[What to produce]
For the entries that follow, set down each one exactly and drop any pictures.

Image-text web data
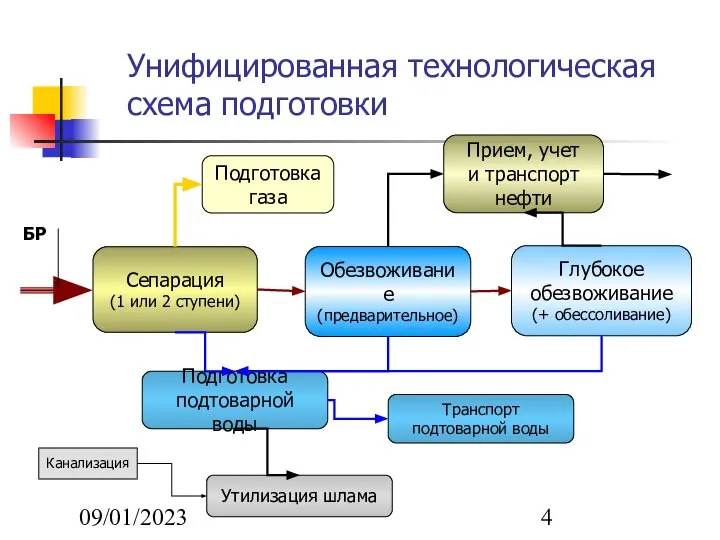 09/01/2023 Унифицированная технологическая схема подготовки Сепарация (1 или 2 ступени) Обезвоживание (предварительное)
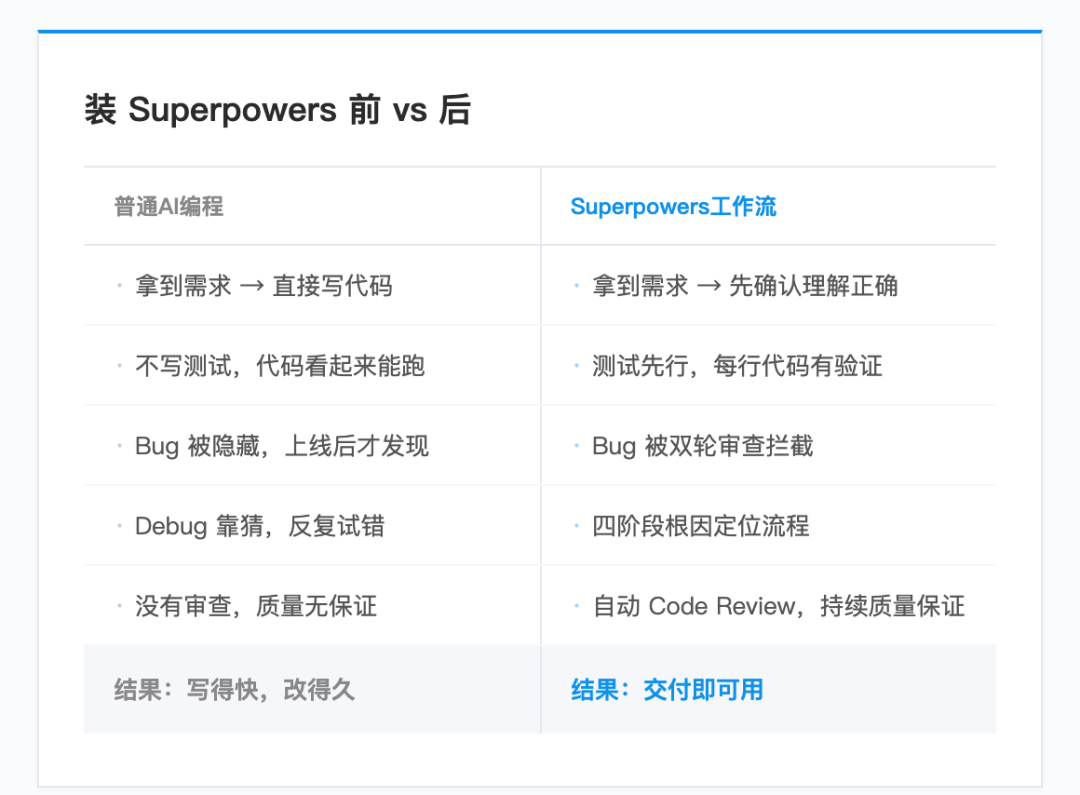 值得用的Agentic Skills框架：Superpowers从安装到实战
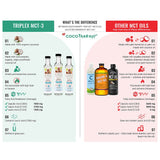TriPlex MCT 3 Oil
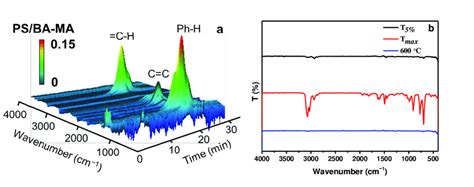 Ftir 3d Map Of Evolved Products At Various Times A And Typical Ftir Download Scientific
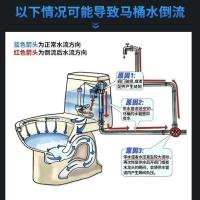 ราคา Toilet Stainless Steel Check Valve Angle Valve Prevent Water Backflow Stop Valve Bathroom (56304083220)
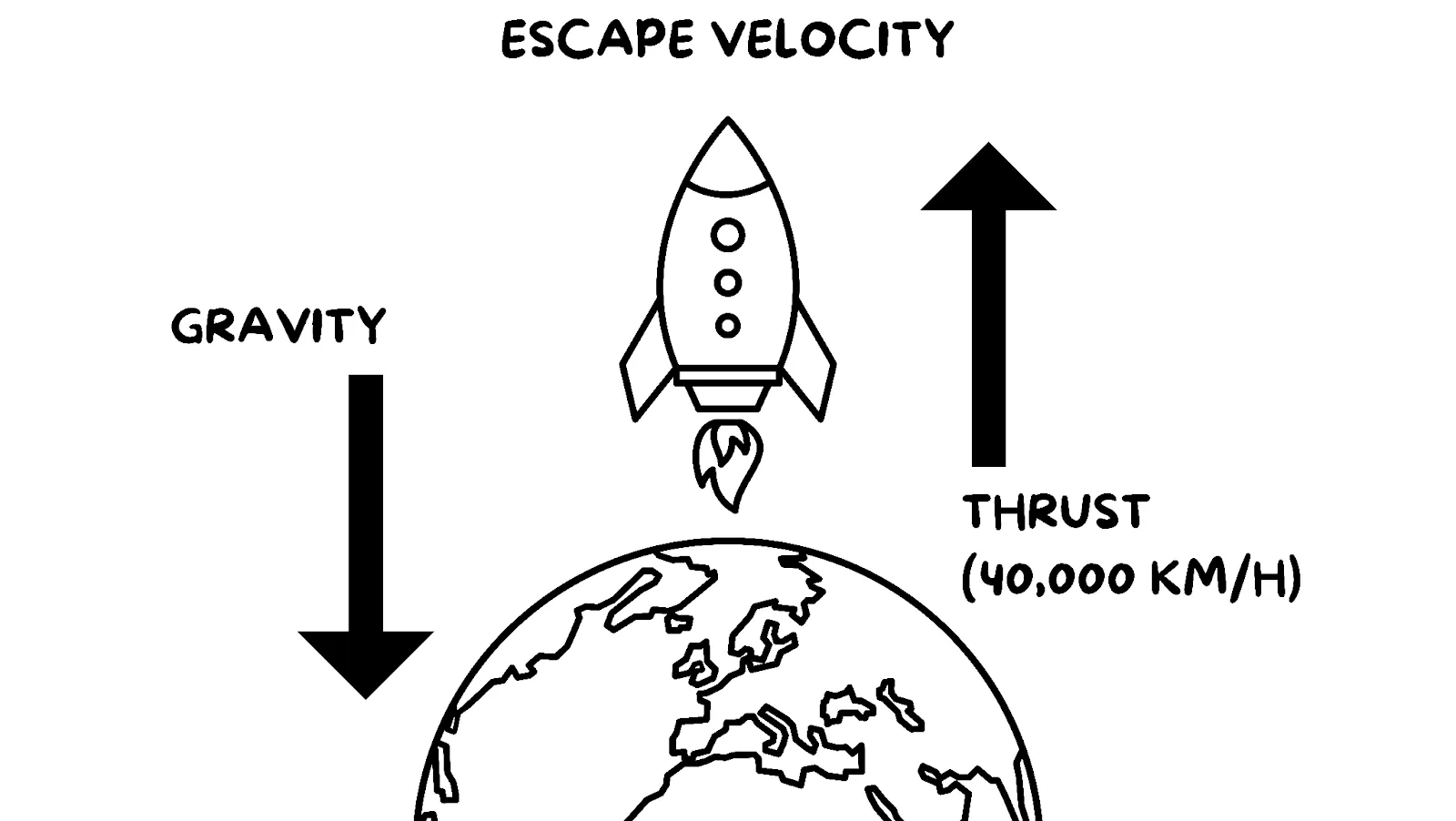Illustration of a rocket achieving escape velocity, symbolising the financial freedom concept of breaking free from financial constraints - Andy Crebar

[Exercise response]
 09/01/2023 Унифицированная технологическая схема подготовки Сепарация (1 или 2 ступени) Обезвоживание (предварительное)
 值得用的Agentic Skills框架：Superpowers从安装到实战
TriPlex MCT 3 Oil
 Ftir 3d Map Of Evolved Products At Various Times A And Typical Ftir Download Scientific
 ราคา Toilet Stainless Steel Check Valve Angle Valve Prevent Water Backflow Stop Valve Bathroom (56304083220)
Illustration of a rocket achieving escape velocity, symbolising the financial freedom concept of breaking free from financial constraints - Andy Crebar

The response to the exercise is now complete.